I was remembering how there used to be all these different fashion options back then, most of them terrible. Bellbottoms briefly made a comeback with the ladies, and quite frankly it wasn’t that bad, especially if the girl in question had a ghetto booty on her. With grunge, people were tearing new holes into their perfectly good jeans, until someone came up with the idea of selling them at retail in a pre-ripped style. The person who came up with that idea made a million goddamn dollars by taking a $10 pair of jeans, cutting them up, and selling them back at $50 a pop. Worse still were the acid wash jeans. That was a terrible idea from start to finish. Not content with faded colours, someone decided they needed to be chemically treated. The result was an eyesore that, much like the sun, no one wanted to look at. Seriously, the only thing that went with the acid wash jeans was a baggy white T-shirt and high top sneaks with the laces not laced properly. That was the early 90’s in a nutshell. Then there were button-fly jeans. Zippers were somehow too accommodating, so people decided they needed to keep their junk buttoned up.

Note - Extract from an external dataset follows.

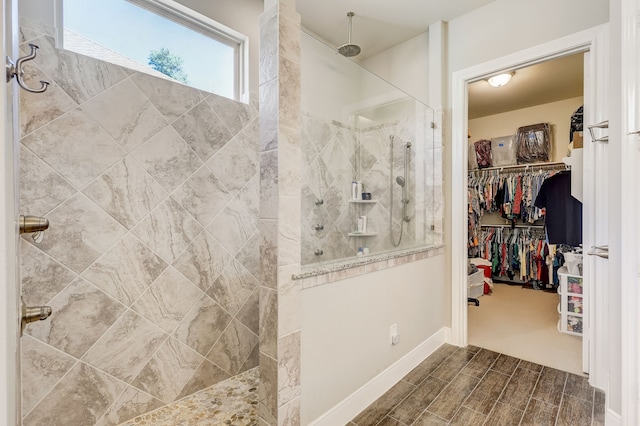 bathroom featuring tiled shower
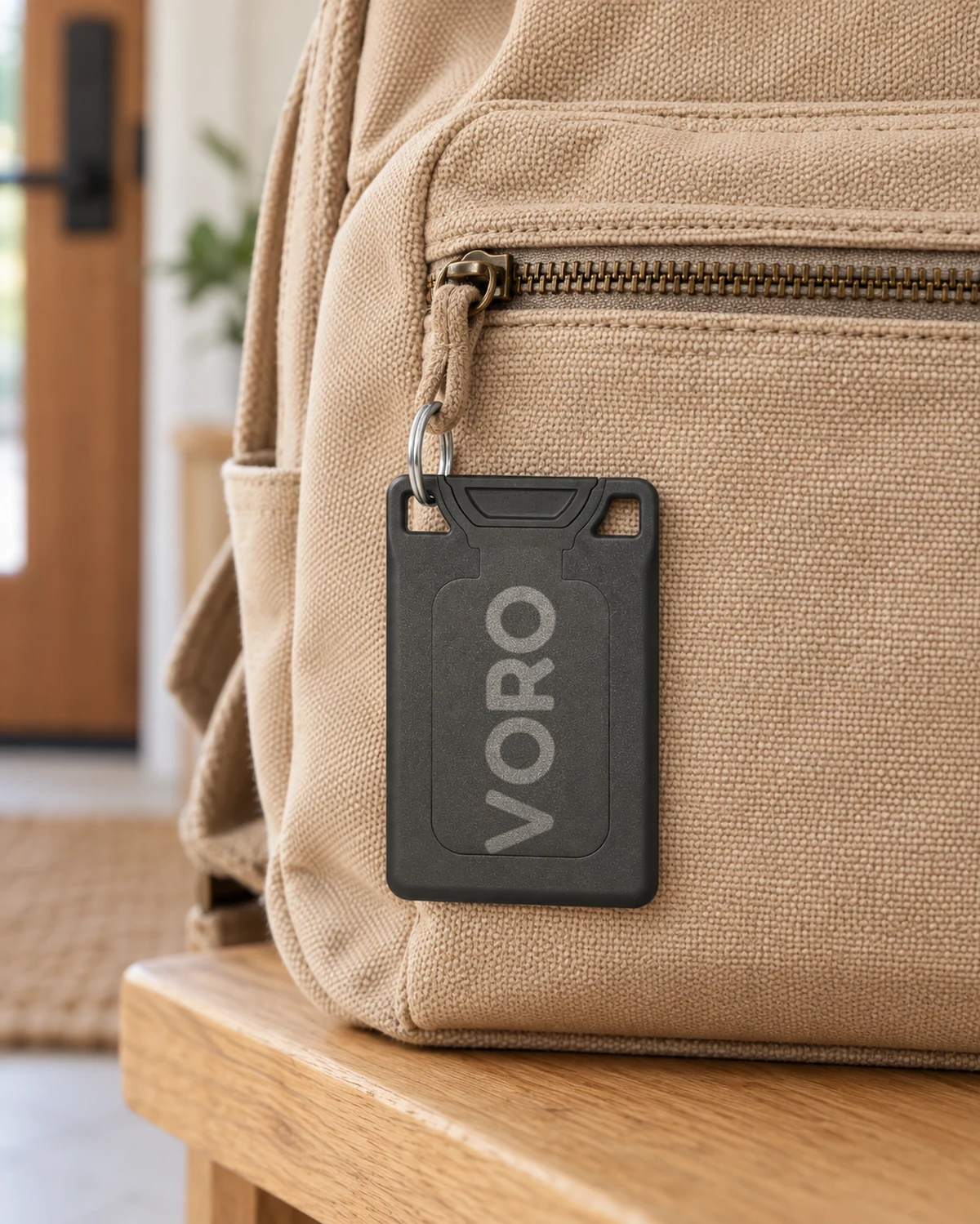 The charcoal VORO card attached through a corner slot to a canvas backpack zipper.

Not that bad of an idea, especially for anyone who’s ever got caught in their own zippers. Problem is: the Americans who bought these jeans also bought cheeseburgers. The two don’t mix. As they got fatter, their bulge began to bulge in ways it was no meant to. Buttons would come unbuttoned, or unbuttonable, and the result was a peek at their new-fangled thongs (thongs being the greatest fashion article invented in the 90’s).
Baggy jeans and low-riders ended up the century. Unfortunately, these articles of clothing were adopted by Wiggers, when they were better suited for hot chicks. I can remember girls walking around my high school with their low riders on, and the knots for their G-Strings sticking up out the sides, so all you had to do was just reach out and pull on this little string and their undies come off without ever touching their pants. That was SEXY AS HELL. You know what wasn’t sexy? All those wannabes running around with their Calvin Klein undies showing. That was wrong, and it went on far too long. I don’t known what the logic was behind all that. Was it supposed to attract the opposite sex? Was it supposed to send out a message like, “Hey ladies, my mom bought me a pack of Calvin Klein undies at the mall. Does that make you wet?” I’m sure on some level women are curious to see men in their underwear. It’s only natural. Seeing the elastic band of overpriced name-brand tighties on about one hundred guys in a day, however, couldn’t have been that interesting, especially for the girls who enjoyed a good bulge every now and then. The baggy jeans showed off about 0% bulge. It was the fashion of choice for the bulge-less. Plus dude were constantly pulling their pants up. For girl who were irritated by seeing guys scratching their balls in public, this must have been similarly irritating.
On the opposite end of the spectrum: tight jeans were in style with the punk crowd for a while. I’m talking about skin-tight. And it was only the lankiest of boys wearing them, so they looked like cartoon skeletons. Those jeans were just torture to your crotch. Now ladies sometimes like a good, tight pair of pants on a fella, but if they ever ended up in the sack with him, they’d find his sack was now permanently residing inside his body, because those fucking jean mutilated genitals. You may have been a dude when you put them on, but you’d be a girl by the time you took them off.
In many ways, it was a Renaissance of Jeans. What do we have nowadays for pants? Nothing. Just stuffy old styles, and cheaply made too. Not to say that the jeans of the 90’s weren’t cheaply made: they were, and by child labour. But those kids knew how to sew. I’ve gone through six pairs of Lees last year because the back pocket of my luscious, luscious ass keeps tearing, and that’s bullshit.